Generate speech from text using the Voice.ai TTS API.
Get a Voice ID (Optional)
Optionally get a voice_id from your dashboard or clone a voice. Skip this to use the default voice. Generate Speech
Generate speech from text. Include voice_id if you have one, or omit it to use the default voice. See the Generate Speech endpoint for details.import requests
# Using default voice (voice_id is optional)
response = requests.post(
'https://dev.voice.ai/api/v1/tts/speech',
headers={'Authorization': 'Bearer YOUR_API_KEY', 'Content-Type': 'application/json'},
json={
'text': 'Hello! This is a test of the Voice.ai TTS API.',
'model': 'voiceai-tts-v1-latest', # Optional, defaults to voiceai-tts-v1-latest
'language': 'en' # Optional, defaults to 'en'
}
)
# Or with a custom voice_id:
# json={'voice_id': 'your-voice-id-here', 'text': 'Hello!
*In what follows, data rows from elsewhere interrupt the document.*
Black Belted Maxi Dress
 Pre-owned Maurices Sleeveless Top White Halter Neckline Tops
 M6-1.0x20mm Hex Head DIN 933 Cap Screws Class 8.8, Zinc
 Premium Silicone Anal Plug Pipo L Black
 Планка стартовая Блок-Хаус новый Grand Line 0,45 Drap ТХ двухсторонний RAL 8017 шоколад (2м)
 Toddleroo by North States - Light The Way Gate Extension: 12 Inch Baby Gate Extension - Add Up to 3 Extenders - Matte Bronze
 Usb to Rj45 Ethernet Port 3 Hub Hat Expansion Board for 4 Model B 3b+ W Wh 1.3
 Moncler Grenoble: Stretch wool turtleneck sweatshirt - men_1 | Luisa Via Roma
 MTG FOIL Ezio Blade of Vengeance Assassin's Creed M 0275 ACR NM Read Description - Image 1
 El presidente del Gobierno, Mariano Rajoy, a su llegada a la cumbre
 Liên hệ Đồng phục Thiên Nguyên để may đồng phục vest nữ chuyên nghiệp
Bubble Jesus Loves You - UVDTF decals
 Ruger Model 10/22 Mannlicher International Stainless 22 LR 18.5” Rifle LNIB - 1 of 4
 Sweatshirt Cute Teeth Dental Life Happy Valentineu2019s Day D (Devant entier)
This is a test of the Voice.ai TTS API.', 'model': 'voiceai-tts-v1-latest', 'language': 'en'}
with open('output.mp3', 'wb') as f:
f.write(response.content)
Streaming
For lowest latency: Use the WebSocket endpoint for conversational AI or multiple sequential requests.
HTTP Streaming (Simple)
For simple request/response streaming, use the HTTP streaming endpoint:
import requests
# Using default voice (voice_id is optional)
response = requests.post(
'https://dev.voice.ai/api/v1/tts/speech/stream',
headers={'Authorization': 'Bearer YOUR_API_KEY', 'Content-Type': 'application/json'},
json={
'text': 'This text will be streamed in chunks.',
'model': 'voiceai-tts-v1-latest', # Optional, defaults to voiceai-tts-v1-latest
'language': 'en' # Optional, defaults to 'en'
},
stream=True
)
# Or with a custom voice_id:
# json={'voice_id': 'your-voice-id-here', 'text': 'This text will be streamed in chunks.', 'model': 'voiceai-tts-v1-latest', 'language': 'en'}
with open('output.mp3', 'wb') as f:
for chunk in response.iter_content():
if chunk: f.write(chunk)
WebSocket Streaming (Optimal for Conversational AI)
For lowest latency in multi-turn conversations, use WebSocket:
import asyncio
import json
import base64
import websockets
async def tts_conversation():
url = "wss://dev.voice.ai/api/v1/tts/stream"
headers = {"Authorization": "Bearer YOUR_API_KEY"}
async with websockets.connect(url, additional_headers=headers) as ws:
# First message
await ws.send(json.dumps({
"text": "Hello! How can I help you today?",
"language": "en",
"flush": True
}))
# Receive audio chunks
while True:
msg = await ws.recv()
data = json.loads(msg)
if data.get("audio"):
audio_chunk = base64.b64decode(data["audio"])
# Process/play audio chunk...
elif data.get("is_last"):
break
# Subsequent messages:
await ws.send(json.dumps({
"text": "I can help you with that.",
"flush": True
}))
# Receive audio...
asyncio.run(tts_conversation())
See the Streaming Guide for complete WebSocket documentation including multi-context streaming for multiple concurrent voices.
Supported Languages
The TTS API supports multiple languages. Specify the language parameter using ISO 639-1 language codes. If not provided, the API defaults to English (en).
| Language Code | Language | Model Type |
|---|
en | English | Non-multilingual |
ca | Catalan | Multilingual |
sv | Swedish | Multilingual |
es | Spanish | Multilingual |
fr | French | Multilingual |
de | German | Multilingual |
it | Italian | Multilingual |
pt | Portuguese | Multilingual |
pl | Polish | Multilingual |
ru | Russian | Multilingual |
nl | Dutch | Multilingual |
Model Selection: The API automatically selects the appropriate model based on the language. English uses voiceai-tts-v1-latest (non-multilingual), while all other languages use voiceai-tts-multilingual-v1-latest. You can override this by explicitly specifying the model parameter.